Where did you edit your story yesterday?
I won’t bore you with the details of how I came to be squatting under a bridge with my best Troll impersonation. (Dead bodies in the median of a heavily-travelled interstate will to that to a photog.) What I will tell you is that you have not lived until you try to edit under a an overpass, in rush hour traffic, in the rain.
I can think of more exotic places to work. Like the time I had a reporter track his audio between two dumpsters stuffed to the gills with rotting fish. (I told him it was to keep the wind off the mic. I actually just wanted to see if he’d do it.) Or the time I edited nearly naked in a bucking satellite truck in the eyewall of a hurricane. (You really don’t want to know.) Or there was that time I spread out on the hood of the car in sub-freezing temps to send high school football highlights to the sports goob.
So, yeah, under a bridge in the cool breeze and exhaust fumes might not be such a bad place to spend an afternoon slicing and dicing crime tape. Sure, I could have hopped into my news steed. Trouble is, I hit the median so early, it got roped inside the yellow ribbon. Good thing I grabbed my laptop before I jumped out. (The web guys are finicky about getting video first on breaking news.
So, when the producer dialed me up for 90 seconds of video for the early show, I did what any overworked photog might. I dropped everything and went to work. Okay, I bitched first, then I went to work.
With a pile of dirt under one corner, and a wifi hotspot under the other, to level the laptop, I pecked and prodded my antique computer until it spit out something that resembled moving pictures of a crime scene. Then did it all over again for the evening news.
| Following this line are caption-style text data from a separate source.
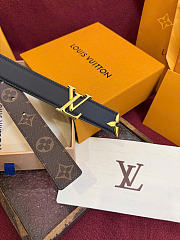 Kitlife Louis Vuitton Pretty 30mm Reversible Belt Black - 2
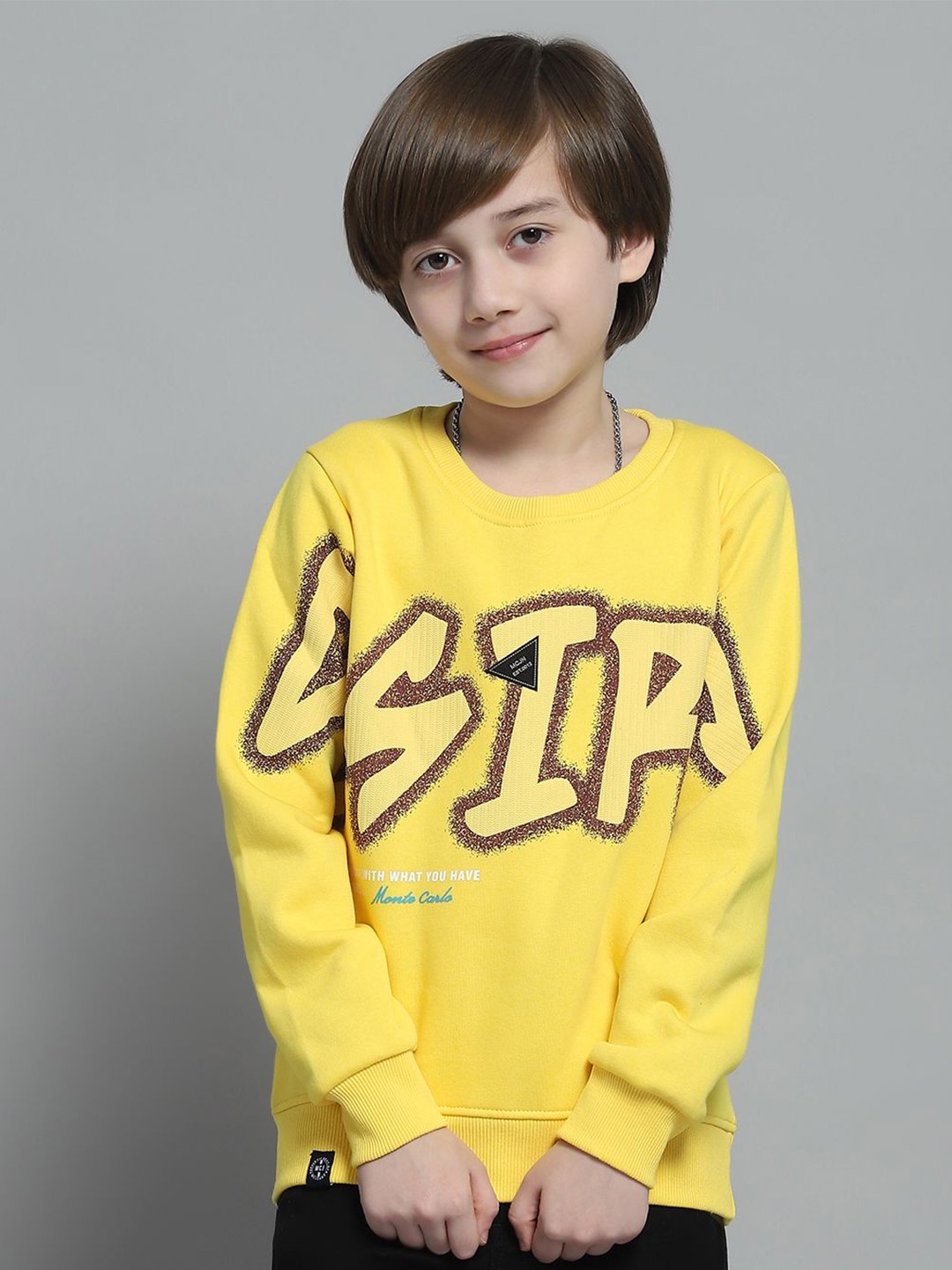 

Monte Carlo Boys Printed Sweatshirt, Yellow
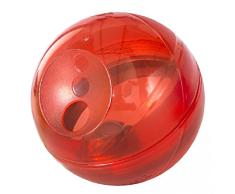 Rogz TUM03-C Tumbler Beschäftigungsball, M, rot
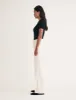Cream Relaxed Straight Jeans sold by Nobody's Child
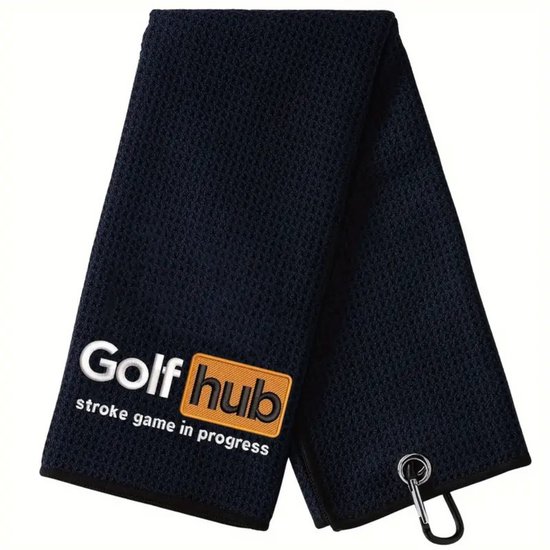 Nivard Golf Handdoek - Golfhanddoek - Golf Accessoires - Towel - Comfortabel - GolfHub van Nivard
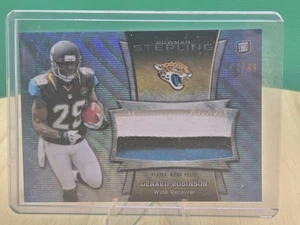 2013 Bowman Sterling Jumbo Rookie Relic #BSJRR-DR Denard Robinson /99 Blue Wave - Picture 1 of 3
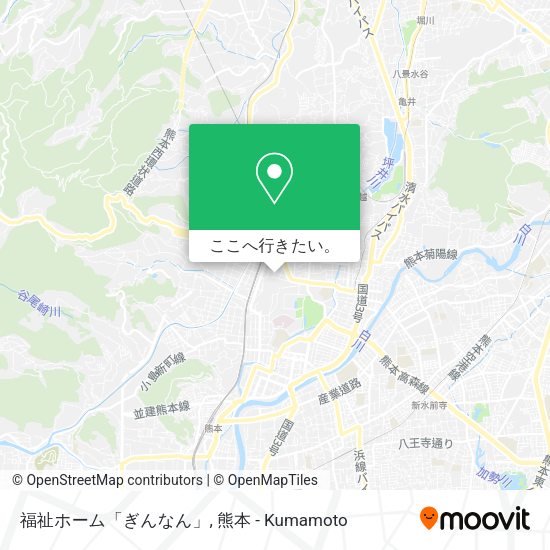 福祉ホーム「ぎんなん」地図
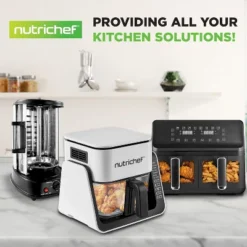 Electric Air Fryer & Grill For Healthy Cooking With 7-in-1 Functions, 4L Glass Pot, Easy Cleanup, White 12 Electric Air Fryer & Grill For Healthy Cooking With 7-in-1 Functions, 4L Glass Pot, Easy Cleanup, White -Target KitchenAid GUEST ec54827f 5d7c 493c 8b46 04fd44705886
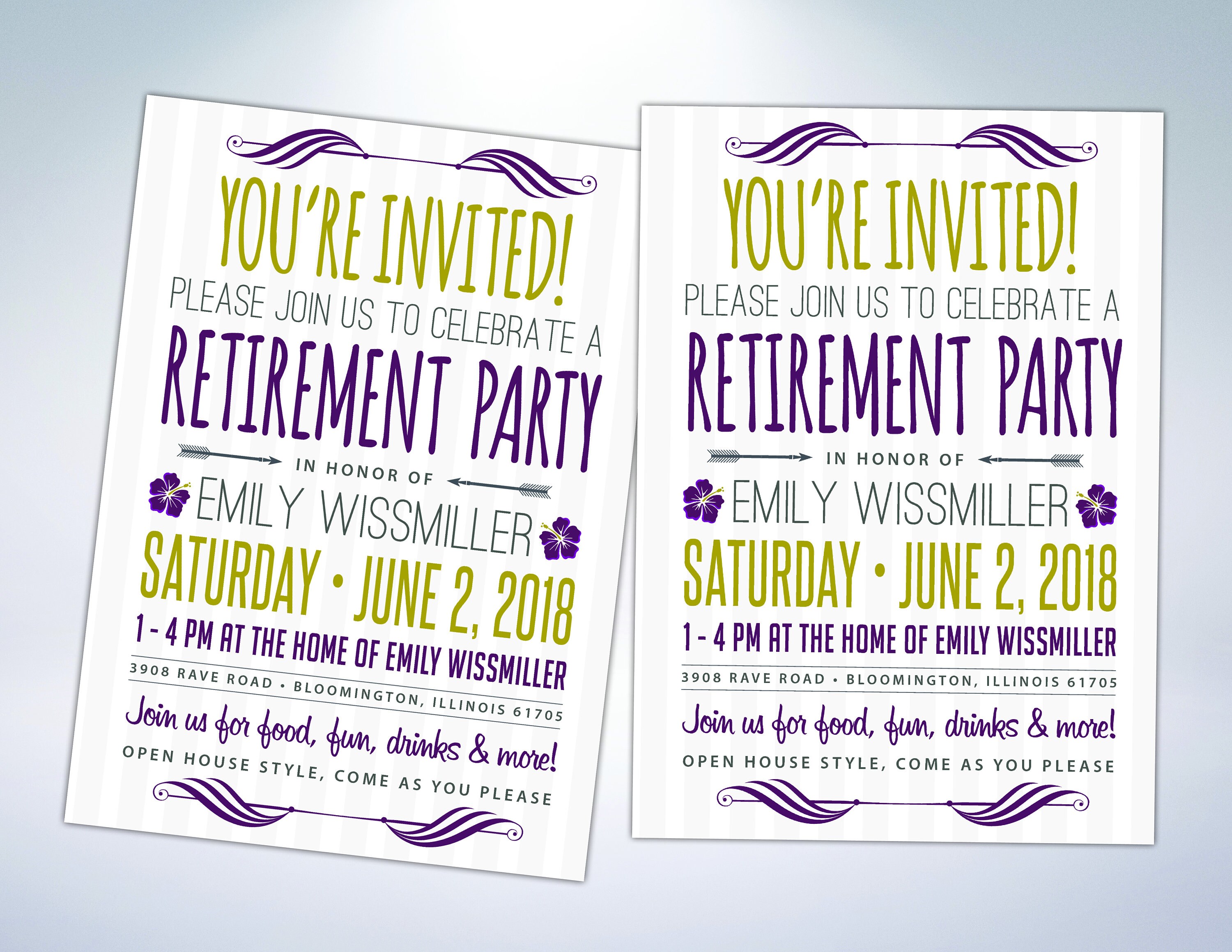 Custom Retirement Party Invitations Announcements Etsy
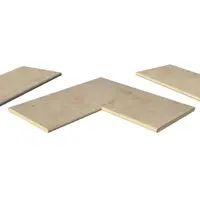 Jura Beige Porcelain 20mm Bullnose Coping Stones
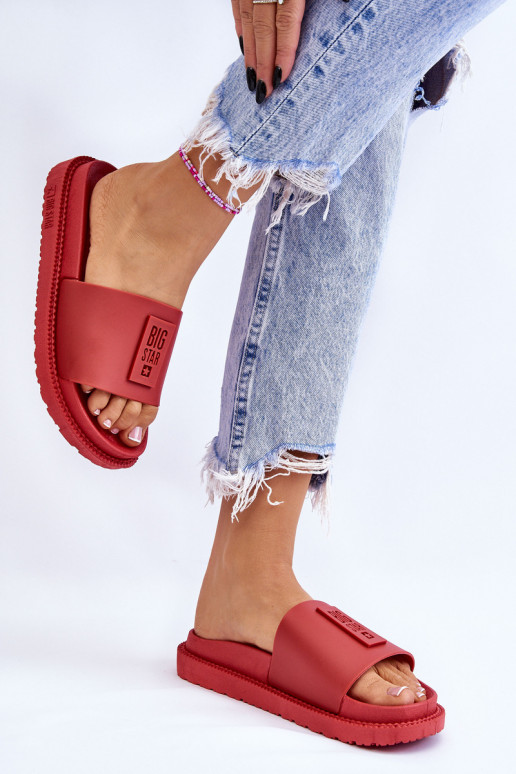 Šlepetės Big Star LL274430 raudonos spalvos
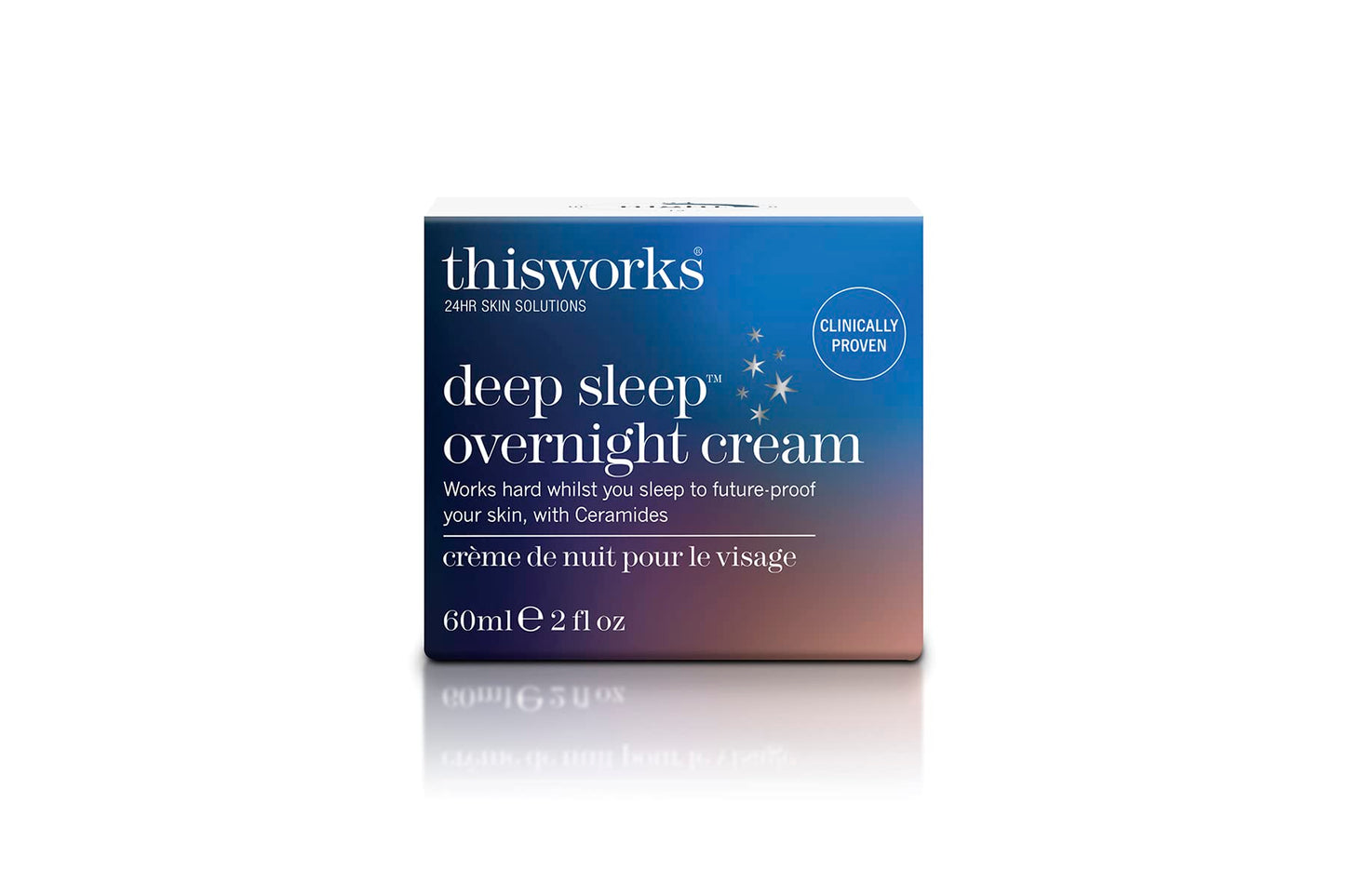 THISWORKS Deep Sleep Overnight Face Cream with Persian Silk Tree Extract, Ceramides & Copper PCA, to Help Fight Signs of Fatigue & Support Skin Renewal, 60ml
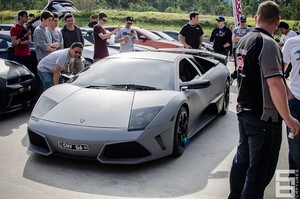 Complete Surface Systems Pic 2 - Lamborghini Murcielago 2015 matt grey car wrap by Complete Surface Systems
That’s when my buddy from the competition, who had been complaining about the smell for more than an hour, chimed in. I told him he just needed a bath.
He pointed overhead.
Who knew bats lived under interstate bridges? Overhead, peeps and bleats rang out as the night flyers began to rouse for their evening’s work. Also overhead, spread far and wide across each bridge support, was a thick, viscous, brown-green trail of guano.
I had been editing in dried batshit!
Turdpolishing in a pile of turds, if you will.
With another newscast to feed, there’s nothing for an overworked photog to do, but improvise. Hope the hobo who squatted here last night doesn’t mind me stealing his mattress.